Logo Isadora voltou, carregando uma bandeja com dois copos de vidro e uma jarra contendo água e pedras de gelo. Posicionou a bandeja na mesa de centro e sentou-se em seguida, as mãos magras passeando pelos joelhos esguios.

"Sabem, ontem eu estava arrumando o quarto de Ananda. Ela o deixou uma bagunça, Deus sabe quantas vezes brigamos por conta do caos ao qual permitia que suas coisas chegassem. E ela sempre me dizia: não mexa, mamãe. Minha bagunça pode não fazer qualquer sentido para a senhora, mas faz para mim. Eu é que vou me perder se a senhora mexer nas minhas coisas. Deixe minha desorganização assim, uma desorganização organizada." Isadora imitou as palavras da filha ao soltar uma risada desolada.

Alma não disse nada. Sorveu um prolongado gole de água, as mãos ainda fracas, a mente entorpecida. A noite não tardaria a chegar, ela pensou ao espiar por entre as frestas das janelas cerradas. Ela estava cansada, com fome e suja. Precisava chegar em casa, tomar um banho quente, fechar a persiana de seu quarto e se deitar em sua cama por uns vinte minutos. Quanto a um lanche, ela sabia que tinha bastante fome, mas lhe faltava qualquer força de vontade.

"Alma, minha querida, vou arranjar as coisas que pretendo entregar a você. Guardei-as na caixa organizadora favorita de minha Ananda." Isadora se permitiu mais um sorriso breve. "Enquanto isso, pode subir as escadas, se desejar. O quarto dela está o mesmo." Isadora se ergueu para apanhar uma caixa com uma tampa rosa clara, sentando-se mais uma vez na poltrona logo ao lado do sofá.

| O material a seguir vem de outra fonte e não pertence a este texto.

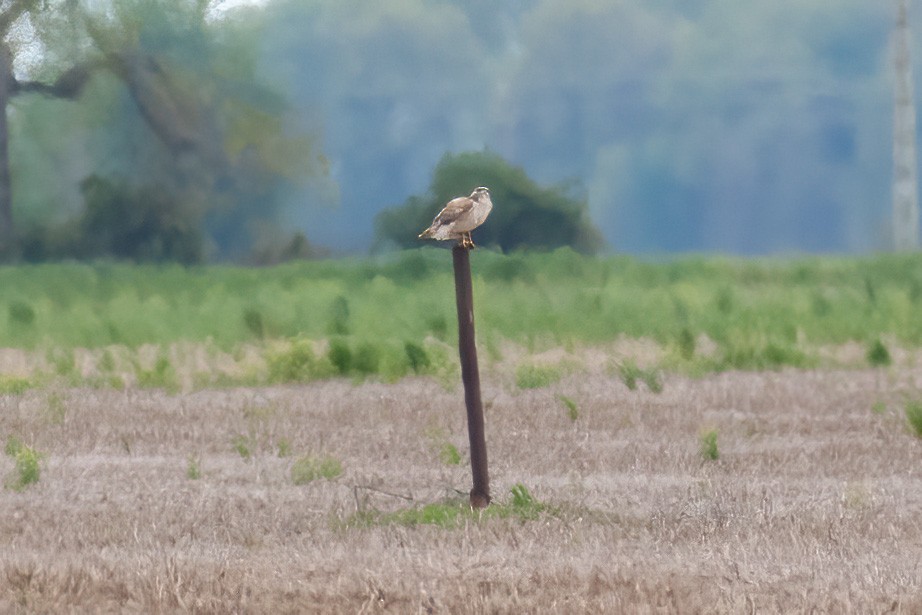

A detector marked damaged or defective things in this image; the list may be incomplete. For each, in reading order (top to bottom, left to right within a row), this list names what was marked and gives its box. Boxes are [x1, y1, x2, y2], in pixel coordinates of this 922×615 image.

rusty pole [452, 243, 488, 508]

Alma direcionou o olhar a Leon, em um pedido silencioso para se distanciar dali por um instante. Ele comprimiu os lábios no que remetia a um sorriso, acenando afirmativamente sua resposta.

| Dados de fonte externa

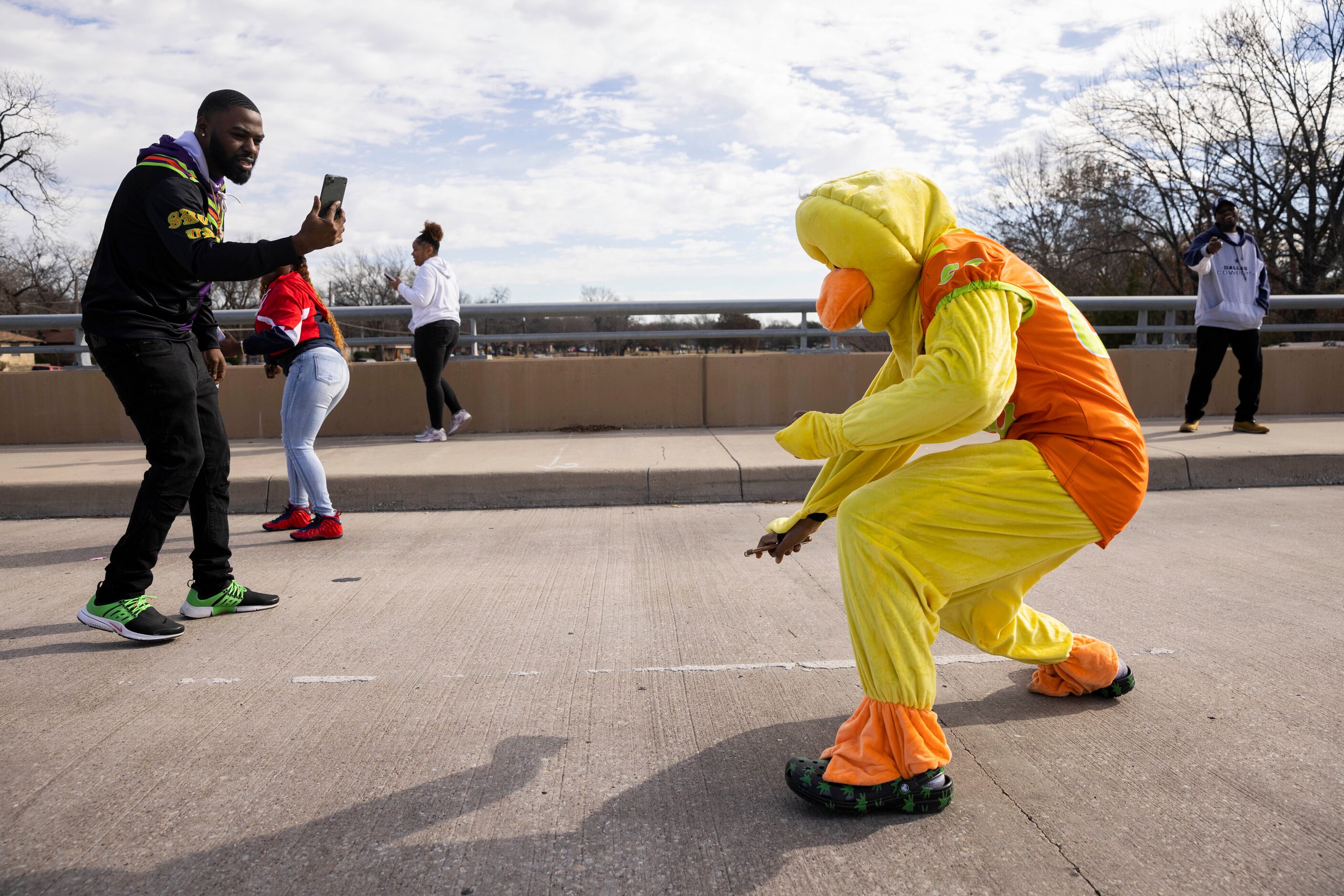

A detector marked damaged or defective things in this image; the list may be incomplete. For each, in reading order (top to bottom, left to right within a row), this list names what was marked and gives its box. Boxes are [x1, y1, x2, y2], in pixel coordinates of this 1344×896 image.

crack in pavement [956, 741, 1102, 892] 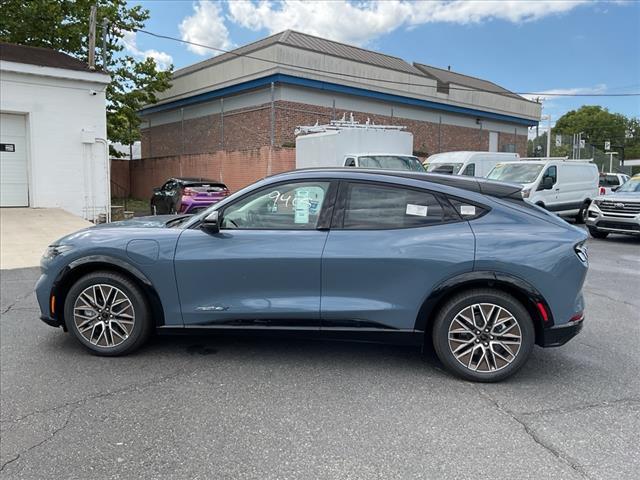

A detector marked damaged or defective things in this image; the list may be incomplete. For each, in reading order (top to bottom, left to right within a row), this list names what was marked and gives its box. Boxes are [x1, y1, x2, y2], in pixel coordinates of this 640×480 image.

pavement crack [476, 390, 596, 480] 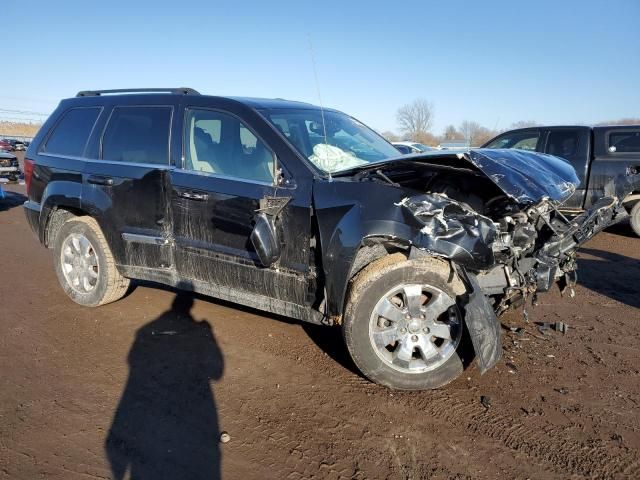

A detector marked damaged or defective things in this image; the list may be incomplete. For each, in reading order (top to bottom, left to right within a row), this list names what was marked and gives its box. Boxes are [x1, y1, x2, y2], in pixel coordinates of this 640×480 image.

damaged black jeep [22, 89, 628, 390] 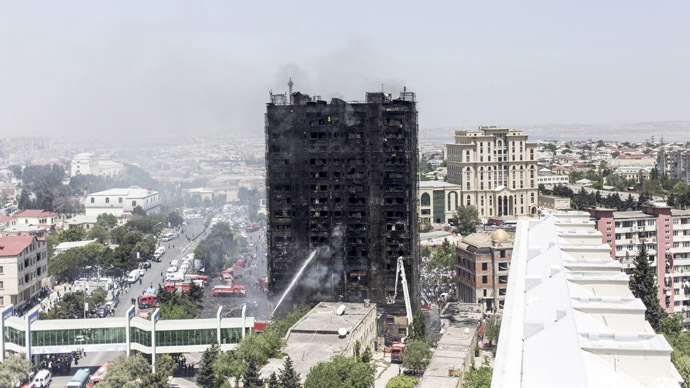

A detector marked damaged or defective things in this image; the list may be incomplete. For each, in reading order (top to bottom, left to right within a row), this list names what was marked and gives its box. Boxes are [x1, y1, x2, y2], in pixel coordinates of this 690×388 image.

charred facade [264, 89, 420, 326]
burnt high-rise building [264, 87, 420, 334] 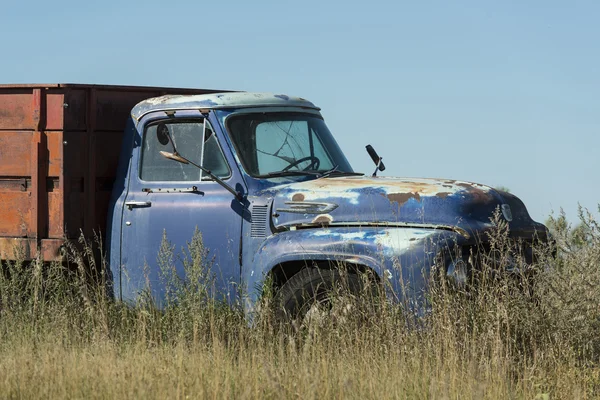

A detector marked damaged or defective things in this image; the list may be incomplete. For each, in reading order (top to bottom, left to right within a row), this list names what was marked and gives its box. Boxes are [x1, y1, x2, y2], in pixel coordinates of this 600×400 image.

rusty blue truck [0, 85, 548, 324]
cracked windshield [225, 111, 352, 176] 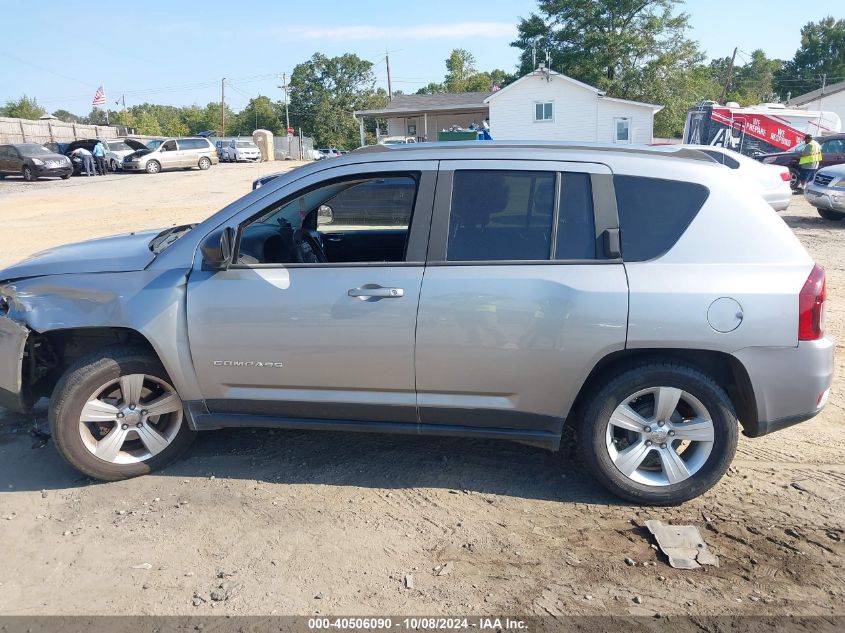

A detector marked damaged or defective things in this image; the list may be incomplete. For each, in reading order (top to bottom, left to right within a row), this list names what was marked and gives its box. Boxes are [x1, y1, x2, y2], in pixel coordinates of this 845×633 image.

damaged front bumper [0, 314, 29, 412]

"Vá lá, meu amor. Farei companhia à D. Isadora. Precisando basta gritar meu nome." Ele cochichou ao guardar uma madeixa do cabelo de Alma atrás da orelha.

Alma se esgueirou pelos degraus da escada, não encontrando qualquer dificuldade para achar o quarto da amiga. E tudo estava exatamente como ela se lembrava.